*Exercise objective*:
Exactly transcribe the line that holds "low-key cinematic convenience" and every remaining line of the records, up to and including the final one, with nothing else.
────────────────
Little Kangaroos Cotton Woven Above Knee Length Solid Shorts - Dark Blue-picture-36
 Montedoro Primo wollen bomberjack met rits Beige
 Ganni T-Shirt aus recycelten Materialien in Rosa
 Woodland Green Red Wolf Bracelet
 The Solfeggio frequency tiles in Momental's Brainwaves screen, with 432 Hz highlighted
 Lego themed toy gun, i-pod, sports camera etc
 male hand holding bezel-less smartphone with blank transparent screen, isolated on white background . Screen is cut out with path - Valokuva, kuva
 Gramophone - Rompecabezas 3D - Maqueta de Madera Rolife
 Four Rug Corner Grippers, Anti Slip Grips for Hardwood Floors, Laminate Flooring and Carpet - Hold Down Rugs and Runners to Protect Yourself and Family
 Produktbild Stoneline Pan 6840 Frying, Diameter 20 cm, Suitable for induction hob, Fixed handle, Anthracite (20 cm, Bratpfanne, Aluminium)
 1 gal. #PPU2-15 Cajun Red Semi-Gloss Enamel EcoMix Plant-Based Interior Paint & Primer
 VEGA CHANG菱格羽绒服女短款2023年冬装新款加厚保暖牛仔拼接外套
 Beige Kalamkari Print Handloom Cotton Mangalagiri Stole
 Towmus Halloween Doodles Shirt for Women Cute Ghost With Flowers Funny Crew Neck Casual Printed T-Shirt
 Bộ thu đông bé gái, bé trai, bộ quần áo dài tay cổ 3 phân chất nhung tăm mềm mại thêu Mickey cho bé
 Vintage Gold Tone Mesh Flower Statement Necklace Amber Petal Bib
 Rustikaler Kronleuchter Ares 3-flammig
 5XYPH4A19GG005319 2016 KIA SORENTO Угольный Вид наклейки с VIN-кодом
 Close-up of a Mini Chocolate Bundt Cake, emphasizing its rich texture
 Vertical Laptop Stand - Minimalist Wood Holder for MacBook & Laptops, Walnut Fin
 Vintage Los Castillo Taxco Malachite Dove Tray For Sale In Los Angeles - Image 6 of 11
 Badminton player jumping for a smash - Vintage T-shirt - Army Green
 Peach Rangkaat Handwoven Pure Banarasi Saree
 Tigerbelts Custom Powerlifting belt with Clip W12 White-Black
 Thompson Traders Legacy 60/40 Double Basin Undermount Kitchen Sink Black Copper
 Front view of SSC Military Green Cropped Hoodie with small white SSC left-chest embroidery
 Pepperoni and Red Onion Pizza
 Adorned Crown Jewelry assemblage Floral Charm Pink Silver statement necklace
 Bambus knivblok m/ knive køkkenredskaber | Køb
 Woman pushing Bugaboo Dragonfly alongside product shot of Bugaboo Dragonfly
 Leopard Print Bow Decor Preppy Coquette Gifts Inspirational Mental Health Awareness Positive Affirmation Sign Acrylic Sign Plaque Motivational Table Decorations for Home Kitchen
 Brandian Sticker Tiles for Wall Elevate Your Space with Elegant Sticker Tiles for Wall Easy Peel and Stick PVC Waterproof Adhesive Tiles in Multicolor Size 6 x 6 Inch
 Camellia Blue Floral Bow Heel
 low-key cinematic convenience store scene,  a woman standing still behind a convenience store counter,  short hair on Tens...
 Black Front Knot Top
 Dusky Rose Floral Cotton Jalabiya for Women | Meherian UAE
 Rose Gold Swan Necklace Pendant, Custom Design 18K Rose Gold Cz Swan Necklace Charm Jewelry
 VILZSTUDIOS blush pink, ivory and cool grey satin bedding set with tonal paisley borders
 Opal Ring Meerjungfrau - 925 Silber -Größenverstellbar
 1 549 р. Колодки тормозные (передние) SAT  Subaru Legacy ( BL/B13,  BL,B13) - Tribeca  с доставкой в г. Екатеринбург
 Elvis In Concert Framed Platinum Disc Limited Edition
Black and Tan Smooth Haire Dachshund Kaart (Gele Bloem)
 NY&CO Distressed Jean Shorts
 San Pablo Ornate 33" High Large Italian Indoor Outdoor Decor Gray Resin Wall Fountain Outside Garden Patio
────────────────
*Exercise answer*:
 low-key cinematic convenience store scene,  a woman standing still behind a convenience store counter,  short hair on Tens...
 Black Front Knot Top
 Dusky Rose Floral Cotton Jalabiya for Women | Meherian UAE
 Rose Gold Swan Necklace Pendant, Custom Design 18K Rose Gold Cz Swan Necklace Charm Jewelry
 VILZSTUDIOS blush pink, ivory and cool grey satin bedding set with tonal paisley borders
 Opal Ring Meerjungfrau - 925 Silber -Größenverstellbar
 1 549 р. Колодки тормозные (передние) SAT  Subaru Legacy ( BL/B13,  BL,B13) - Tribeca  с доставкой в г. Екатеринбург
 Elvis In Concert Framed Platinum Disc Limited Edition
Black and Tan Smooth Haire Dachshund Kaart (Gele Bloem)
 NY&CO Distressed Jean Shorts
 San Pablo Ornate 33" High Large Italian Indoor Outdoor Decor Gray Resin Wall Fountain Outside Garden Patio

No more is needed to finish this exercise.